People with 1st and 2nd class ticket had higher chance of survivability than those from 3rd class.
And also we see that Embarked point contributes to survavibility

Also lets make a new feature from existing ones. Let's add siblings / spouses aboard the Titanic    
and parents / children aboard the Titanic to check if there is any correlation between family size and Survivability

In [29]:
for dataset in combine:
    dataset['FamilyCount'] = dataset['SibSp'] + dataset['Parch'] + 1

train_df[['FamilyCount', 'Survived']].groupby(['FamilyCount'], as_index=False).mean().sort_values(by='FamilyCount', ascending=True)

    We can save it as another paameter: 
    Alone: is alone: 1, is not alone: 0

In [30]:
for dataset in combine:
    dataset['Alone'] = 0
    #Lets set a default value as 0
    dataset.loc[dataset['FamilyCount'] == 1, 'Alone'] = 1 
    # If that person had only 1 family member it means he/she was alone

train_df[['Alone', 'Survived']].groupby(['Alone'], as_index=False).mean()

Now, after constructing new feature we can drop those which we won't use

In [31]:
print(train_df.columns.values)

['PassengerId' 'Survived' 'Pclass' 'Name' 'Sex' 'Age' 'SibSp' 'Parch'
 'Ticket' 'Fare' 'Cabin' 'Embarked' 'FamilyCount' 'Alone']

In [32]:
train_df.describe(include=['O'])

Now we can drop columns like: PassengerId, Name, SibSp, Parch, Ticket, Cabin, FamilCount.
It makes analysys easier and faster

1. Name feature is unique.
2. Ticket feature, there may not be a correlation between Ticket and survival.
3. Cabin feature may be dropped becouse it is highly incomplete or contains many null values.
4. PassengerId does not contribute to survival.
 



In [33]:
train_df = train_df.drop([ 'PassengerId','Name','SibSp','Parch','Ticket','Cabin','FamilyCount',], axis=1)
test_df = test_df.drop([ 'PassengerId','Name','SibSp','Parch','Ticket','Cabin','FamilyCount',], axis=1)
combine = [train_df, test_df]


In [34]:
print(train_df.columns.values)

['Survived' 'Pclass' 'Sex' 'Age' 'Fare' 'Embarked' 'Alone']
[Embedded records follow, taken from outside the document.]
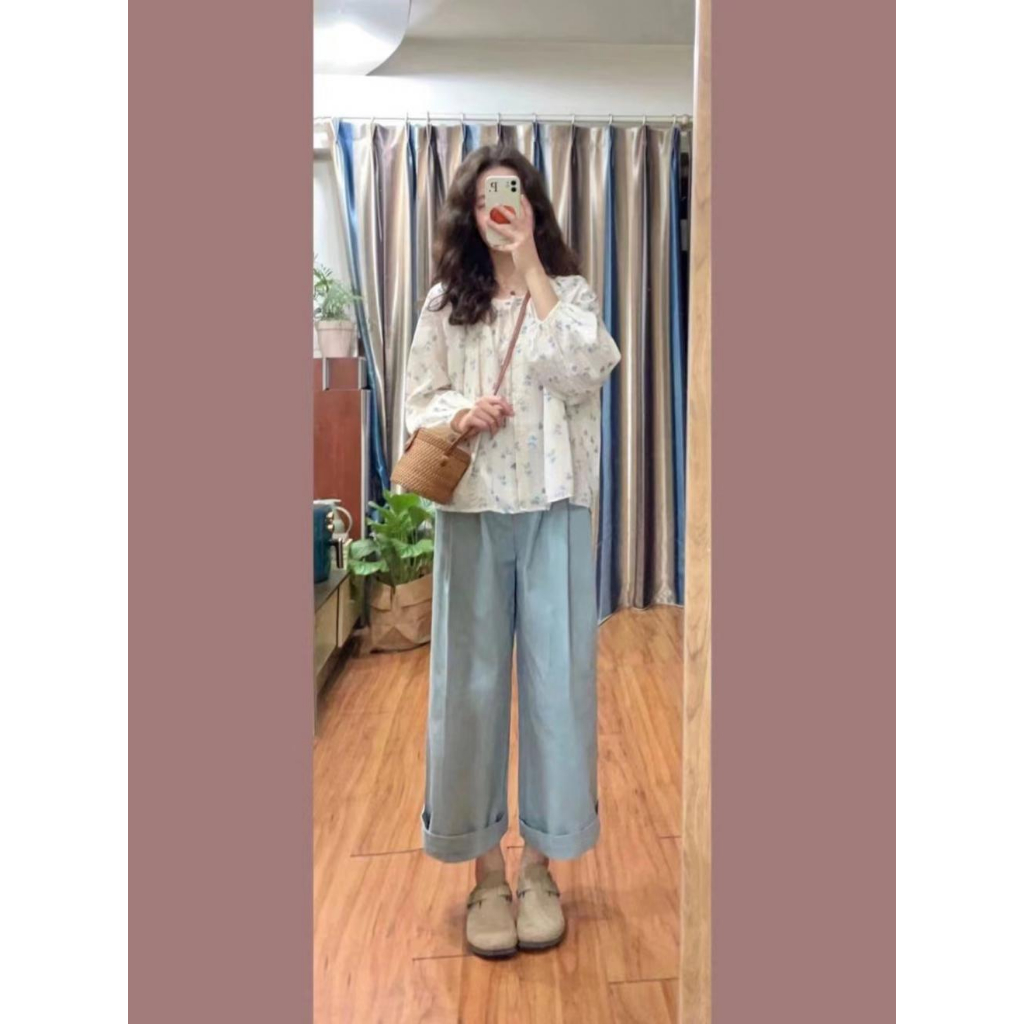 Áo Sơ Mi Nữ Dài Tay Thêu Hoa Phong Cách Hàn Quốc Baju Baju Wanita Lengan Panjang Hàng Mới Có Sẵn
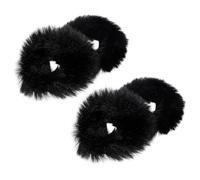 VALICLUD 4 piezas Coleteros Esponjosos de Pelo Sintético para Mujer Accesorios de Invierno Bandas Elásticas Suaves y Elásticas para Cabello Rizado Liso y Moños Negro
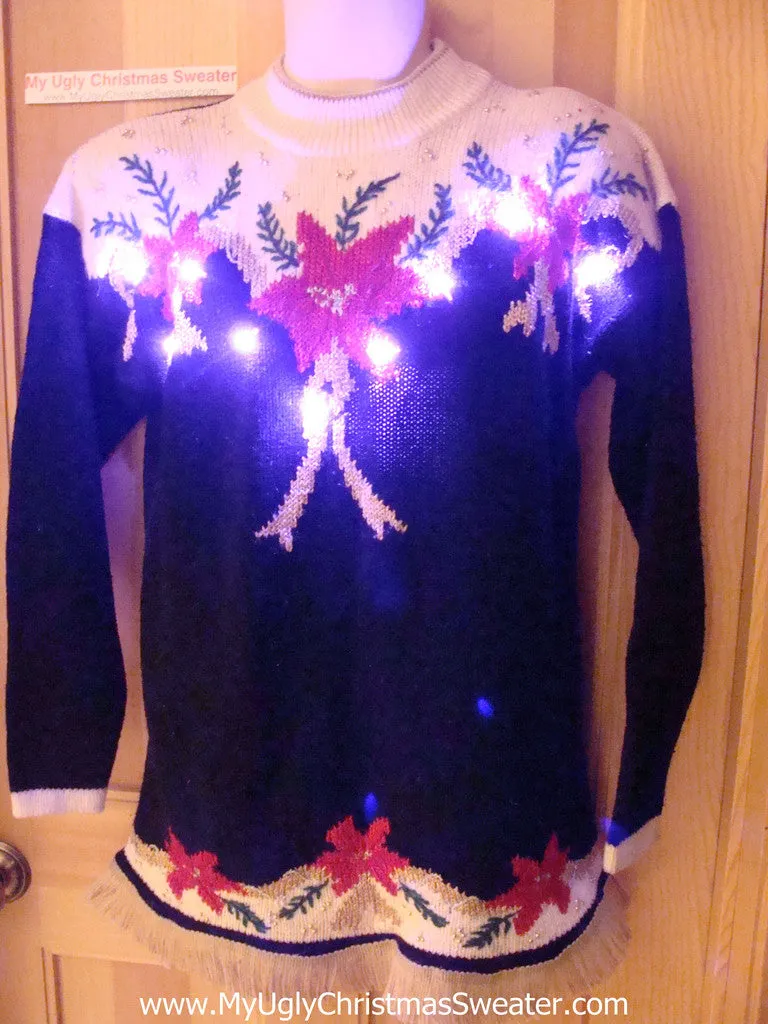 Tacky Ugly Christmas Sweater 80s Style with Padded Shoulders. Poinsettias with Lights and Fringe (g47)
## Create model, learn and predict



The problem is a classification and regression problem. I want to identify relationship between output (Survived or not) with other variables or features. This type of machine learning called supervised learning as we are training our model with a given dataset. 

- Logistic Regression
- Random Forrest







In [35]:
X_train = train_df.drop("Survived", axis=1)
Y_train = train_df["Survived"]
X_test  = test_df.copy()

#X_train.shape, Y_train.shape, X_test.shape

## Logistic Regression 

In [36]:
logreg = LogisticRegression()
logreg.fit(X_train, Y_train)
Y_pred = logreg.predict(X_test)




- Sex is highest positivie coefficient, implying as the Sex value increases (male: 0 to female: 1), the probability of Survived=1 increases the most.
- Inversely as Pclass increases, probability of Survived=1 decreases the most.

In [37]:
coeff_df = pd.DataFrame(train_df.columns.delete(0))
coeff_df.columns = ['Feature']
coeff_df["Correlation"] = pd.Series(logreg.coef_[0])

coeff_df.sort_values(by='Correlation', ascending=False)

Random forests is learning method for classification and regression.

In [38]:
# Random Forest

random_forest = RandomForestClassifier(n_estimators=100)
random_forest.fit(X_train, Y_train)
Y_pred = random_forest.predict(X_test)
random_forest.score(X_train, Y_train)
round(random_forest.score(X_train, Y_train) * 100, 2)


In [39]:
print(f"Regression score: {round(logreg.score(X_train, Y_train) * 100, 2)}",f"Random Forest score:{round(random_forest.score(X_train, Y_train) * 100, 2)}")

Random forest model gives better results